CEDEC 2007: Capcom on Lost Planet Part II

Sunday 30th September 2007, 09:00:00 PM, written by Stefan Salzl

As promised the second part of our summary of the Capcom presentation on Lost Planet at CEDEC 2007 focuses on the PC version of the game and its improvements due to the use of DirectX 10. Part I can be found here. Since the features of the Xbox 360 version have already been discussed in Nishikawa’s article (translation by our forum member one, technical summary of the GPU effects and of its approach to parallelism), we will concentrate on the new features of the latest update. Additionally, we have supplemented the GameWatch summary with information from a 4gamers.net article on Lost Planet to clarify several points made in the talk.

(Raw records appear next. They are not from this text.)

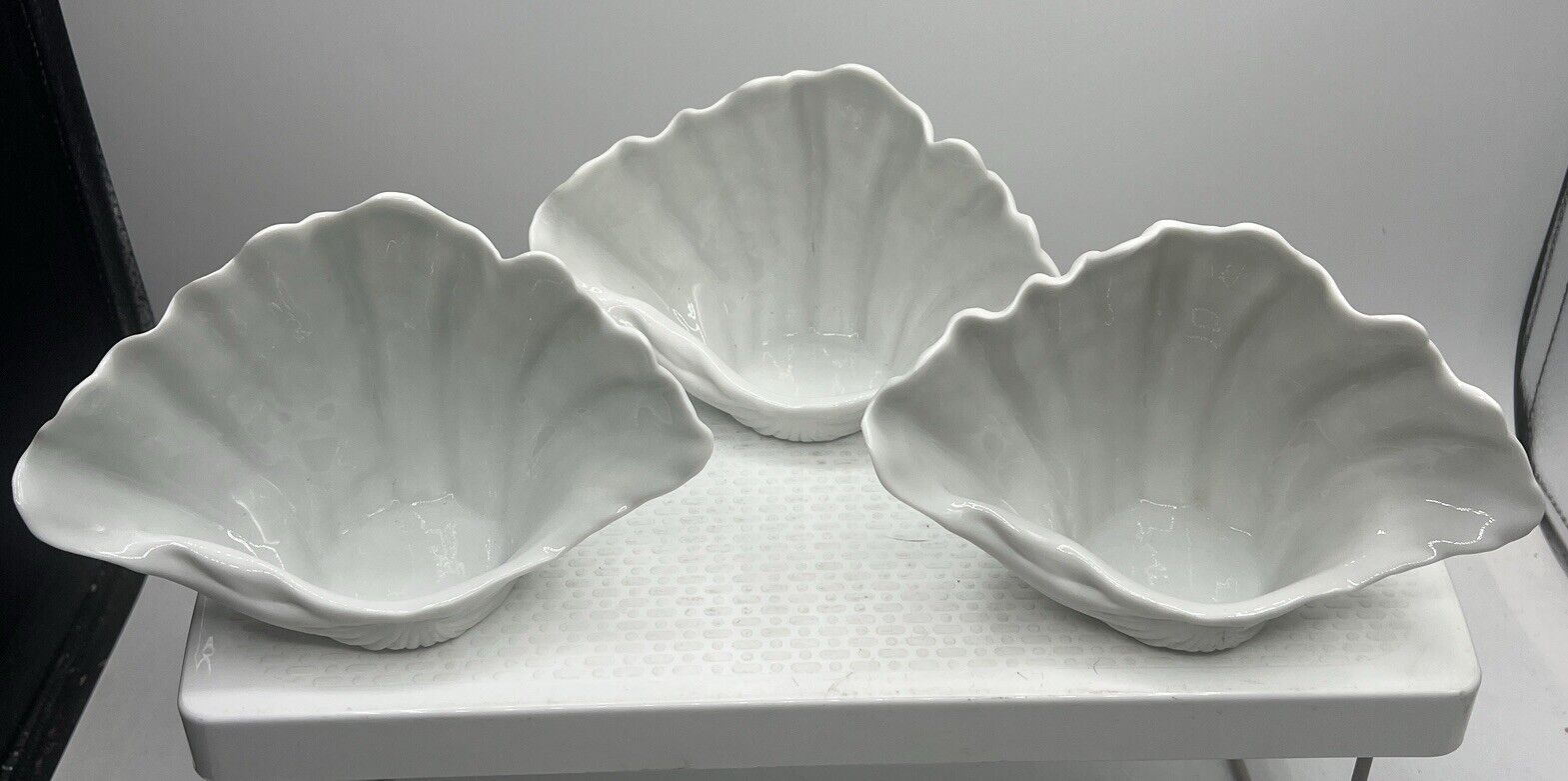 PartyLite Coastal Lights -  Sea Shell Porcelain Tealight # P9609 Lot Of 3 White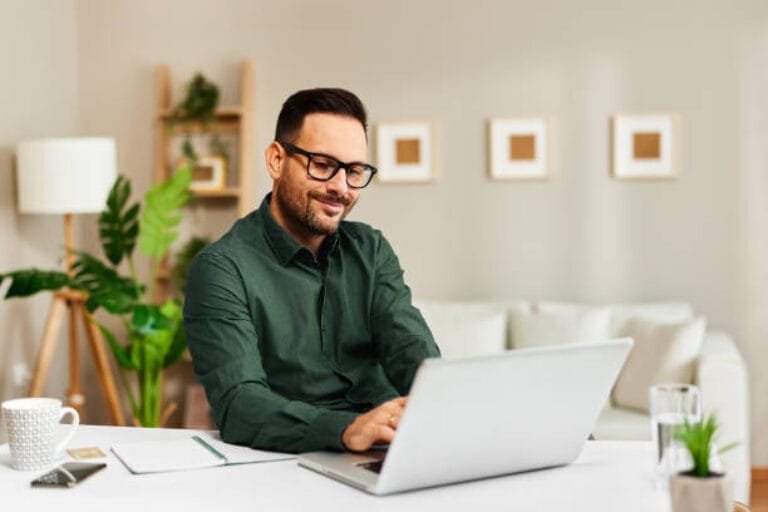 Correcteur d'orthographe : découvrez les 8 meilleurs outils pour les créateurs de contenus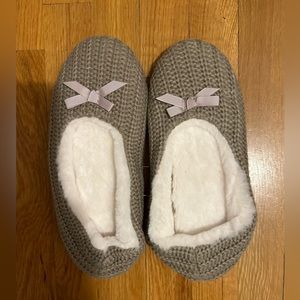 NEW - SLIPPERS (Rubber Bottom)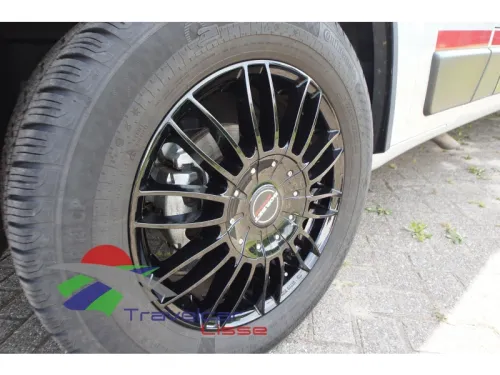 P&ouml;ssl 2Win Style 600 /Tow bar/2x battery/160HP photo: 2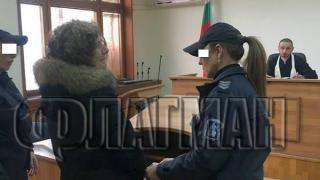 Крадлата Гюлсевен, която опустошаваше бутици в Бургас, изпадна в нервна криза, съдията... 
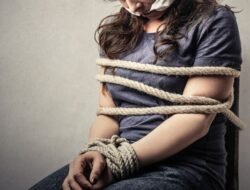 Kenal di Media sosial, Wanita cantik diajak check-in di Hotel berakhir disekap dan dirampok oleh dua pemuda Jombang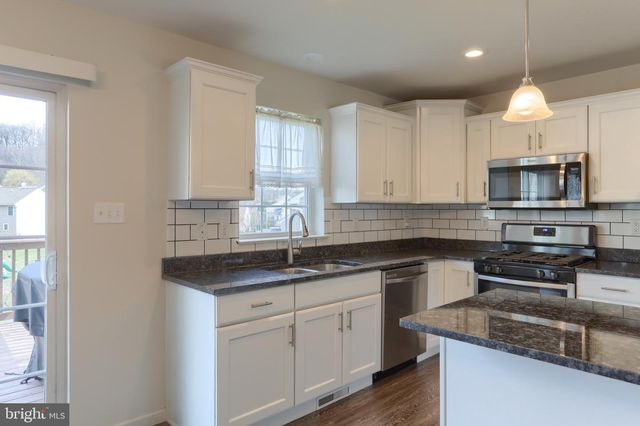16 WILDFLOWER CIR, Lebanon, PA 17046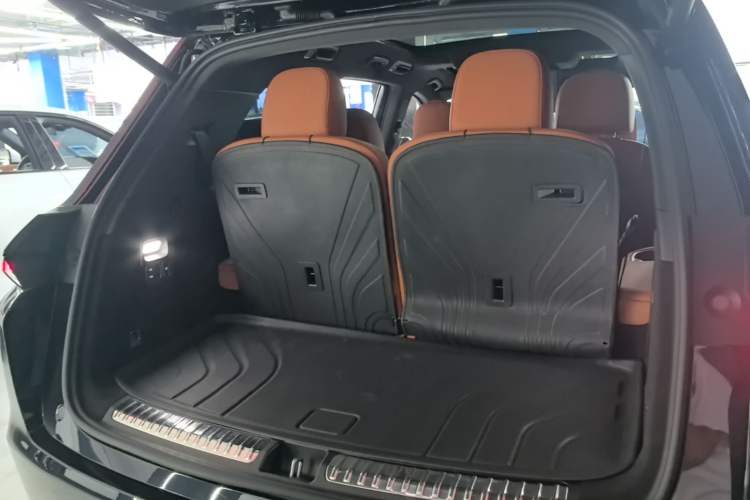 Used Li Auto L8 2024 Pro Model Trunk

According to Takami Taki, technical manager of Capcom’s Production Studio 2, the PC version was first proposed at the end of 2006. In only five months, the title was ported to the PC and released in June, with an update in August adding a few new features to the title.

One of the first improvements added to the PC version was ambient occlusion mapping (also supported in DX9 mode), a feature missing in the X360 version (Slide - Comparison).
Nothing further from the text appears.